The next thread that is running is the VGA protothread. We start off by initializing the semicircle by drawing a circle and the crosshair lines and the label of the graph and then filling in the right half of the circle using the fillrect, drawH, drawV and drawCircle functions in the VGA.c file. Next we wait on the binary semaphore so our value is limited by pwm wrap. First we throttle the VGA so that we can rate limit it so that it doesn't change too fast. Next we erase the current point by filling in the inner circle of the semi circle with black (a black circle with a radius one less than the outer circle with the same center). Next we redraw the lines for the vertical and horizontal lines of the semicircle.
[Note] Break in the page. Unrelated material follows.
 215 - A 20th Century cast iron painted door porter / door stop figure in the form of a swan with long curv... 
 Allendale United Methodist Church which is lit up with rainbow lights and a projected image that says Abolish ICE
Next we calculate the x and y coordinates and store them in the xCoord and yCoord variables, we use the law where cos(angle) *100 and then add it to the x coordinate of the center of the circle. And cos(angle) *100 and add it to the y coordinate of the center of the circle.

Serial thread

We did have a serial thread that was mainly used for debugging. We chose to make all reads and writes non blocking as it wasn't essential for our design and we didn't want it using the cpu unless we needed to read or write something for debugging. In this thread we printed out the microphone readings and the angle and the cycle detected to the screen, and took input that would allow us to change certain variables for testing. If it took in an i it would change the tiltControl, u would change the turnControl pwm channel, and s would change the sweep value.

Code setup

For the setup we first initialize the VGA thread and overclock the system clock to 25000 kHz, so that we have more cycles for calculations. This does affect the actual values for the PWM duty cycle to get the same duty cycle on the normally clocked cpus(they have to be doubled). Next we initialize the adc and each of the adc gpio we are going to use, 26,27 and 28. We then initialize the round robin to 0111 (7) and set the adc clock divider to 50000 so it runs at 50000 kilohertz. As a result we can ensure that the adc is running faster than the cpu. Next we initialize the gpio 15 14 and 13 for the LEDs used in the thing. In addition we set the 5 and 4 gpio for the PWM channel, for the tilt(originally we were also going to have tilt and figure out the height but were not able to do that with time constraints) and initialize them. Then we set pwm irq to selenium, and enable it and set the handler to the on_pwm_wrap method. Then we set the wrap value to WRAPVAL and the clock divider to CLKDIV. Then we initialize the channel level to slice num to both PWM_CHAN_B and PWM_CHAN_A to 0 and enable the mask. Then we launch for the multicore, which we simply add thread and start the pt schedule. Then we add the serial and vga thread and start the pt schedule on core 0.

Hardware Details

The hardware needed to accomplish this project can be replicated if a person have diodes, 330ohm, 1 Mohm, 10kohm, and 100kohm resistors, 0.1 microFarad capacitors, a VGA plug and screen, an UART Plug, 3 adafruit microphones, 3 LEDs and a Desktop PC.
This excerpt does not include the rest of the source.